=== MATERIAL PROVIDED ===

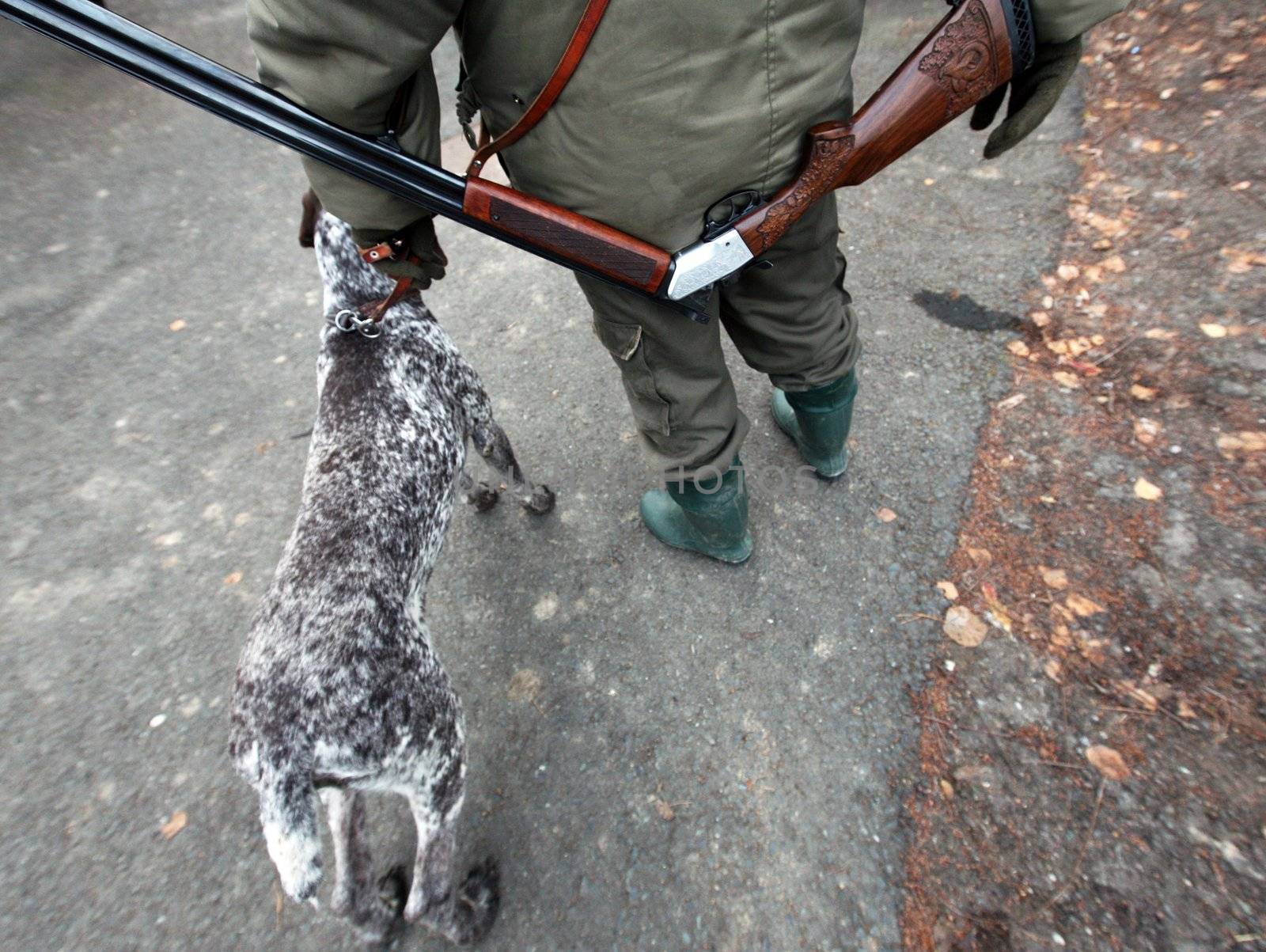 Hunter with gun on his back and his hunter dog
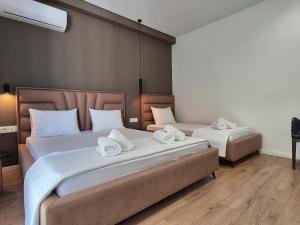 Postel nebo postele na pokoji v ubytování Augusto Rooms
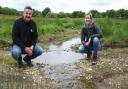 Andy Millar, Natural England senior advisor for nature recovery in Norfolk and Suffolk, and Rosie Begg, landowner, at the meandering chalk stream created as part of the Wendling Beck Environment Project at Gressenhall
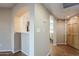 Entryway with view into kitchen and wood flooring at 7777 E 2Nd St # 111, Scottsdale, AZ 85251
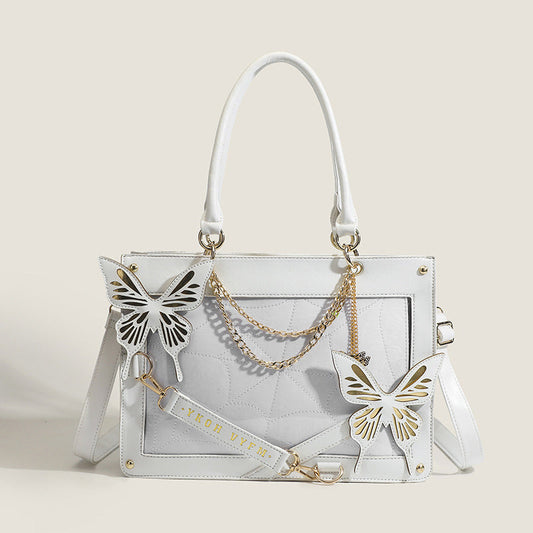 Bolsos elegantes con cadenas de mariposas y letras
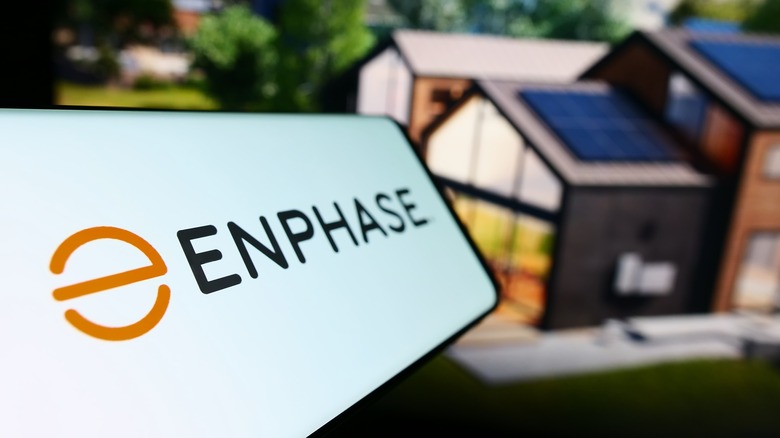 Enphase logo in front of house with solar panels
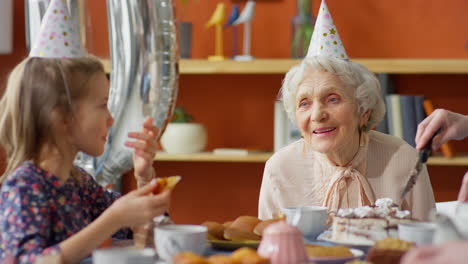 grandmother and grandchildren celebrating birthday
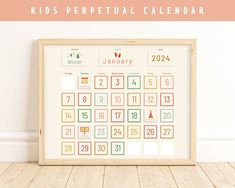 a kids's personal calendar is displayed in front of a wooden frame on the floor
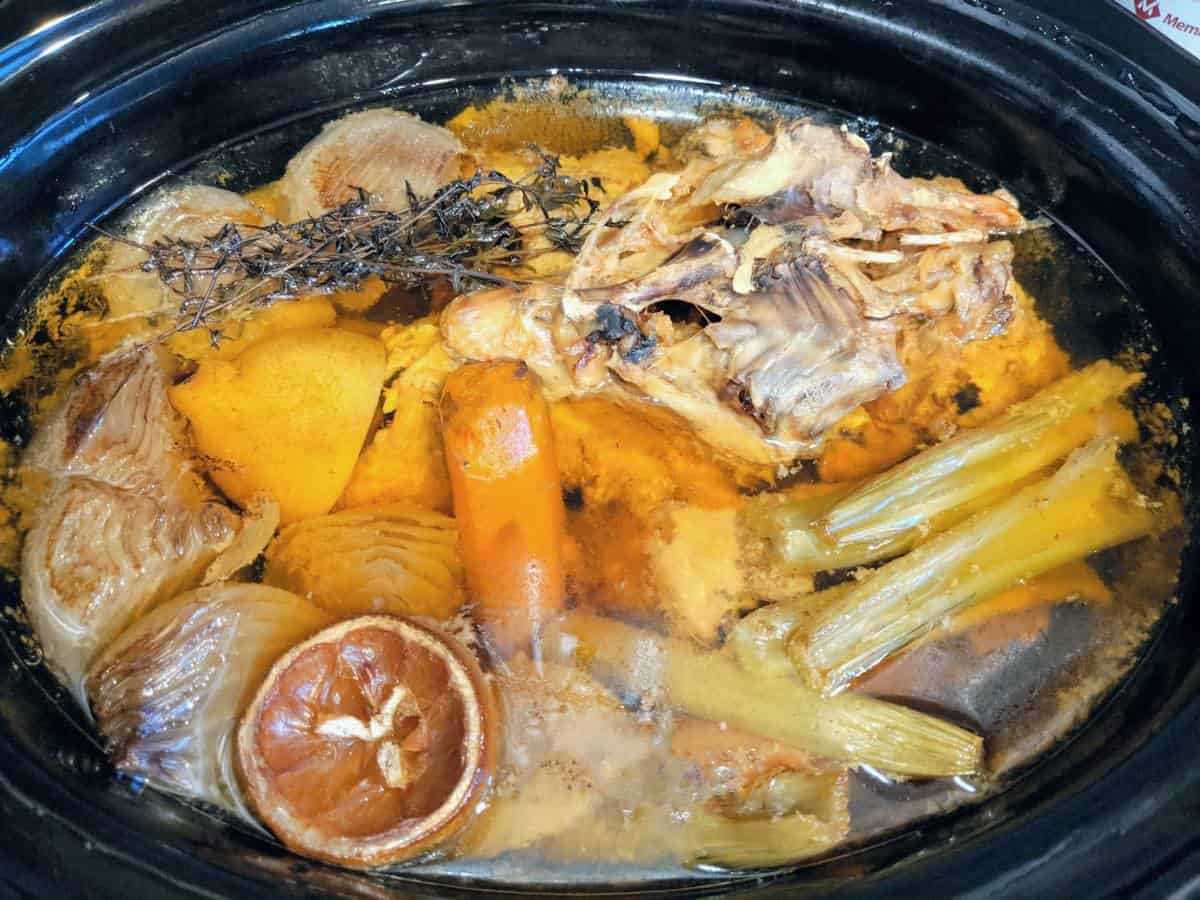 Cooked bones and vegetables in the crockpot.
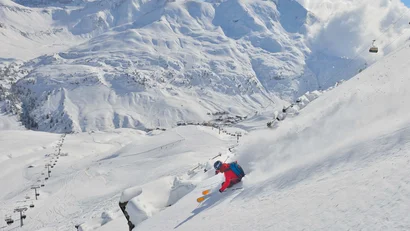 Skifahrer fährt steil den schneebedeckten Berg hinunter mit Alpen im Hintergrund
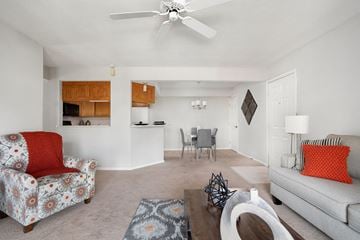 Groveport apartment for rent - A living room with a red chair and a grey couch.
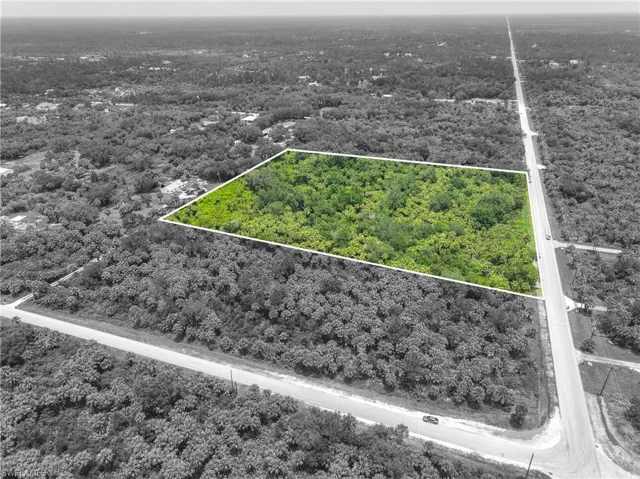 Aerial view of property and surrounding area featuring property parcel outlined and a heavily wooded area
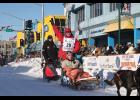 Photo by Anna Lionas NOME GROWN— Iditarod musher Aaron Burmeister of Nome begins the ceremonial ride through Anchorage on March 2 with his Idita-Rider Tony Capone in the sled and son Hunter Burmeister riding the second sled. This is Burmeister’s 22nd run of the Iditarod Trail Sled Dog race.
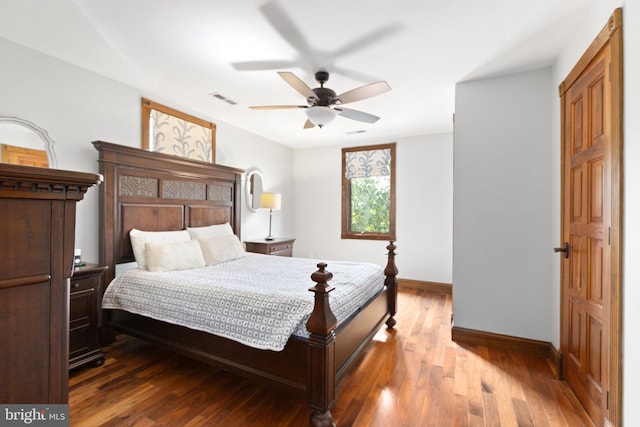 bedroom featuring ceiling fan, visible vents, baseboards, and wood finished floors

===

BRIEF:
Only the lines above from the one with "Cooked bones and vegetables in the crockpot." to the one with "Aerial view of" should be printed, both included and exactly as written; no picture belongs in the copy.

OUTPUT BELOW:
 Cooked bones and vegetables in the crockpot.
 Skifahrer fährt steil den schneebedeckten Berg hinunter mit Alpen im Hintergrund
 Groveport apartment for rent - A living room with a red chair and a grey couch.
 Aerial view of property and surrounding area featuring property parcel outlined and a heavily wooded area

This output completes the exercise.